Call for papers
Photography and Britishness November 4–5, 2016
Conference at the Yale Center for British Art, New Haven, CT.
This conference seeks to investigate the various ways in which ideas about Britain have been communicated, inflected, and contested through the photographic image. How has photography been used at “home” and “abroad” to create a variety of images of Britain and Britishness, defined as much from the outside as the inside? How do photographs mirror, reinforce, or interrupt what constitutes “Britishness,” in national, local, imperial, colonial, and post-colonial contexts? What national and regional cultures and conflicts does the construction of British identity subsume? Can “Britishness,” indeed, have a photographic referent or it is itself an effect of representation?
We seek papers that consider how photography—as opposed to, or in tandem with, other modes of image-making—has been invested with the capacity to visualize, articulate and contest ideas about Britain. Papers may consider any period in the history of photography, and focus on individual case studies or broader historical questions. Proposals might address the work of individual photographers, photo agencies, or photographic archives; the photographic print or album; different photographic technologies such as lantern slides, stereoscopes, or digital photography; the uses of photography in pedagogy, advertising, news, propaganda; photography as a tool of surveillance and record; the display and exhibition of photographs; photography as art and document.
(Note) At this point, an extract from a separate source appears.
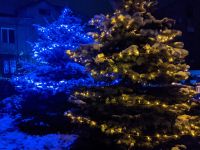 Новорічні ялинки готові до продажу: коли почнеться реалізація та які будуть ціни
We invite proposals for papers from scholars in any field. Graduate students and early career scholars are particularly encouraged to apply. Travel and accommodation costs will be covered by the organizers. Please e-mail abstracts of no more than three hundred words and short CVs or bios, no more than 2 pages. Email: email@example.com. Deadline May 16, 2016
Friday, November 4, 5.30 pm keynote by Martin Parr
This conference is a collaboration between the Yale Center for British Art, New Haven, Connecticut; the Paul Mellon Centre for Studies in British Art, London; and The Huntington Library, San Marino, California.